O STF poderá, ao julgar a constitucionalidade de uma determinada norma, em decisão com aplicação a todas as demais ações, definir, de maneira bastante discricionária, como tal decisão será aplicada no tempo.

quarta-feira, 22 de março de 2017

Atualizado às 09:37

Felizmente, errei minha previsão, em artigo anterior, quanto ao julgamento da exclusão do ICMS sobre a base de cálculo do PIS/Cofins: Gilmar Mendes não pediu vistas, votou e, com isso, a ação foi julgada de modo favorável aos contribuintes por 6 x 4 votos.

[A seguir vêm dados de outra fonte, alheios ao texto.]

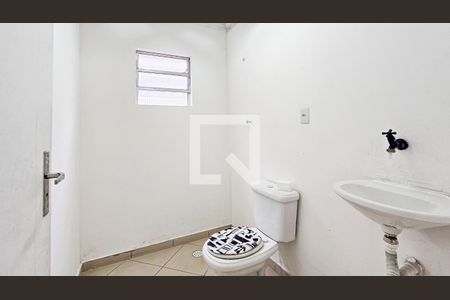 Casa à venda com 125m², 4 quartos e sem vaga Casa à venda com 125m², 4 quartos e sem vagaBanheiro
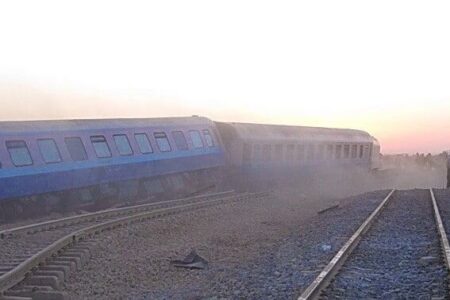 خروج قطار مسافربری طبس – یزد از ریل/ ۱۰ کشته و ۵۰ مصدوم تاکنون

A PGF (Procuradoria Geral da Fazenda, que defende o Fisco) já antecipou que, após a publicação da decisão, irá opor Embargos de Declaração, pleiteando a modulação dos efeitos da decisão.

A modulação dos efeitos, para os não iniciados, significa que o STF poderá, ao julgar a constitucionalidade de uma determinada norma, em decisão com aplicação a todas as demais ações (p.ex., controle concentrado de constitucionalidade, decisões com repercussão geral, etc.) definir, de maneira bastante discricionária, como tal decisão será aplicada no tempo; baseado em critérios subjetivos e razoavelmente vagos como a segurança jurídica e o interesse público.

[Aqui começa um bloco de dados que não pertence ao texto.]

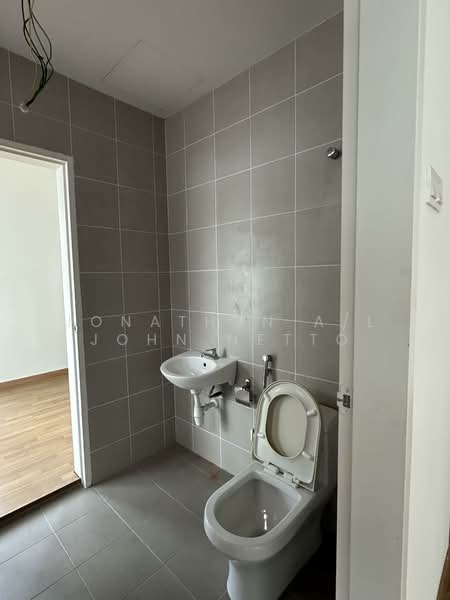 Rumah Teres 2 Tingkat untuk Dijual di Kajang (Selangor) - JONATHAN A/L JOHN NETTO - Bathroom - PropertyGuru.com.my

Historicamente (se é que se pode falar em historicamente sobre um mecanismo ainda novo), a modulação tem se aplicado de modo a permitir a aplicação retroativa da decisão somente nas ações já ajuizadas, e aplicação dali para frente para os demais casos. Isso busca, com justificável razão, impedir uma corrida aos tribunais de todos aqueles que, diante de uma "causa ganha" pleiteiem aquilo que não se dispuseram a pleitear quando ainda havia algum risco.

Entretanto, o pedido de modulação que a PGF apresentou, em sustentação oral, defende que a tese vitoriosa seja aplicada somente a partir de 2018 (uma novelíssima jabuticaba, protelação dos efeitos do trânsito em julgado), e somente dali em diante, ou seja, sem que sejam ressarcidos os tributos pagos a maior, nem mesmo aos contribuintes que há bem mais de 10 anos discutem o tema no judiciário.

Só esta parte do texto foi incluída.